The Full Court rejected Fortescue's arguments that the structure of Part IIIA significantly limited the types of costs that can be taken into account under criterion F. Instead, it upheld the Tribunal's approach to the factors to be considered when assessing the public interest under criterion F. Notably, the Full Court accepted that:

  • The legitimate interests of the infrastructure owner are relevant to the public interest.
  • The costs of negotiating access following a declaration, including the costs of any arbitration by the Australian Competition and Consumer Commission (the ACCC), can be taken into account.
  • The fact that the ACCC might consider certain costs in the event of an arbitration dispute following declaration does not mean those costs cannot be taken into account in deciding whether or not to declare infrastructure.
  • Estimates of the likely impact of access (eg delayed or suboptimal expansion of the facility or changes to operating practices) should be addressed under Criterion F at the declaration phase, even though these may be revisited by the ACCC if the service is declared and there is an access dispute for a specific access application.

Underpinning the Full Court's decision was its view that limitations on the costs that can be considered under criterion F would radically reduce the power and responsibility of Ministers and the Tribunal to reject declaration applications that they considered to be plainly contrary to the public interest ([111]). The Full Court could not find anything in the statutory language or purpose that warranted such a restriction on the decision-maker's role.
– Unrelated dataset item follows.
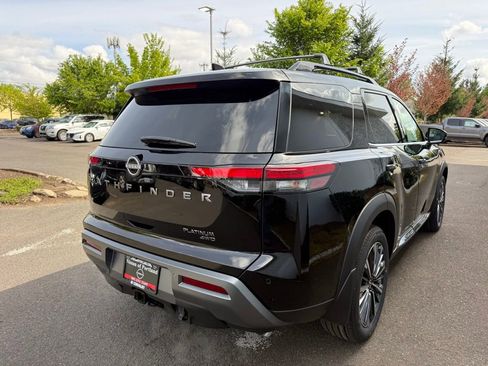 New 2026 Nissan Pathfinder Platinum w/ Cargo Package AWD/4WD image 7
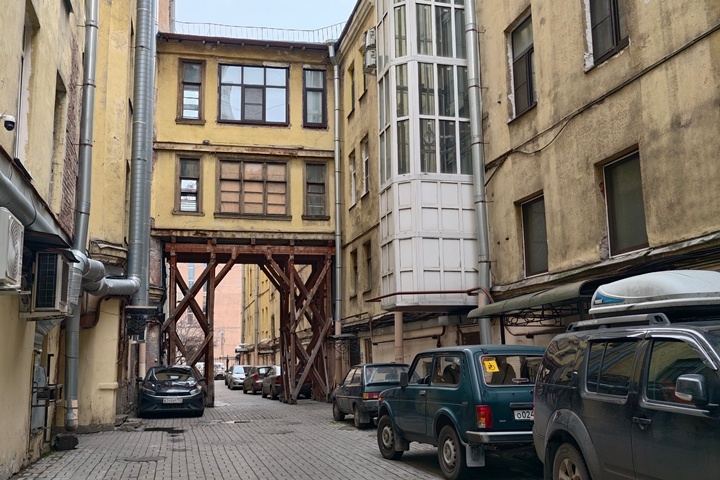 Происшествие случилось у подъезда дома. Фото: Алексей Булатов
The key practical benefits of the Full Court upholding the Tribunal's approach to relevant considerations under criterion F are:

  • The costs to the owner/operator of providing access can be taken into account.
  • The threshold for including particular costs is whether they are relevant to the public interest or not, with the public interest being broadly construed.
  • There are no complex carve-outs for costs that might arise if the infrastructure is declared, or that could be viewed as an inherent part of the Part IIIA process.


The most important aspect of the Full Court's decision is its discussion of the philosophy of Part IIIA, and the criteria that must be met in order to declare infrastructure. It held that this philosophy 'makes the granting of access to override the otherwise legitimate interests of incumbent owners a distinctly exceptional occurrence which is simply not justified by an evaluation by a regulator that economic efficiency from the point of view of society as a whole would be served by a declaration of access' ([87]).

The Full Court has effectively clarified that regulators do not have a wide-ranging power to override private property rights wherever they consider sharing of infrastructure would produce a more efficient use of resources. Declaration of infrastructure under Part IIIA is only permitted where regulatory intervention is necessary to resolve problems of market failure, something that will not exist if a facility can feasibly be duplicated.

* Allens Arthur Robinson acted for Rio in relation to the rail access dispute.